The paper introduces Tail Stratified Sampling (TSS), a novel method for efficiently estimating rare failure probabilities by focusing sampling efforts on the distribution tails, improving reliability analysis accuracy and computational efficiency.

Contribution

It presents the TSS estimator, a versatile stratified sampling approach that directly targets distribution tails, enhancing failure probability estimation in complex systems.

Findings

TSS outperforms traditional methods in various analytical examples.

TSS effectively estimates small failure probabilities with fewer evaluations.

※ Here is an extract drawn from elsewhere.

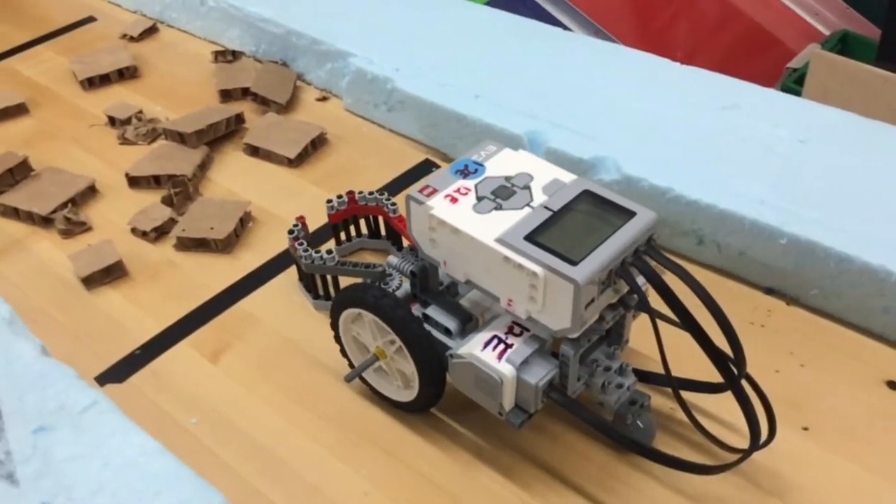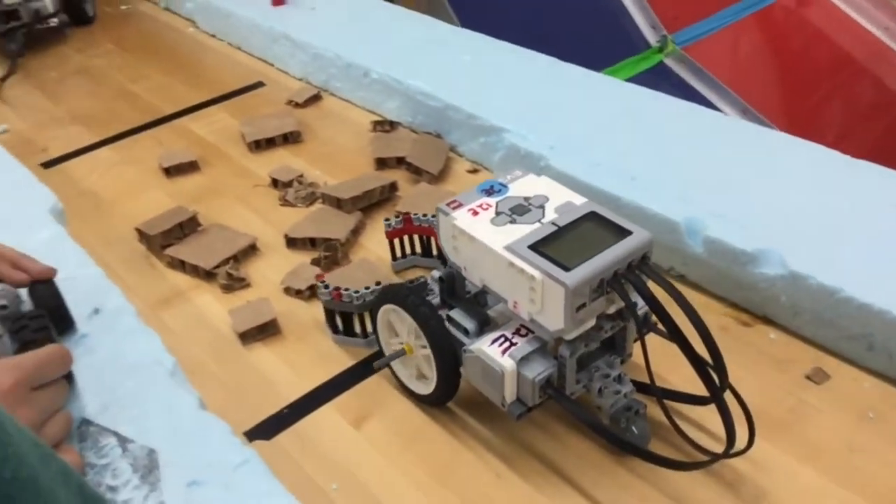This attempt didn't work because the left side of the claw was not connected to the main motor.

The method is applicable to high-dimensional reliability problems.

Abstract

To ensure that real-world infrastructure is safe and durable, systems are designed to not fail for any but the most rarely occurring parameter values. By only happening deep in the tails of the parameter distribution, failure probabilities are kept small. At the same time, it is essential to understand the risk associated with the failure of a system, no matter how unlikely. However, estimating such small failure probabilities is challenging; numerous system performance evaluations are necessary to produce even a single system state corresponding to failure, and each such evaluation is usually significantly computationally expensive. To alleviate this difficulty, we propose the Tail Stratified Sampling (TSS) estimator - an intuitive stratified sampling estimator for the failure probability that successively refines the tails of the system parameter distribution, enabling direct sampling of the tails, where failure is expected to occur. The most general construction of TSS is presented, highlighting its versatility and robustness for a variety of applications. The intuitions behind the formulation are explained, followed by a discussion of the theoretical and practical benefits of the method. Various details of the implementation are presented. The performance of the algorithm is then showcased through a host of analytical examples with varying failure domain geometries and failure probabilities as well as multiple numerical case studies of moderate and high dimensionality. To conclude, a qualitative comparison of TSS against the existing foundational variance-reduction methods for reliability analysis is presented, along with suggestions for future developments.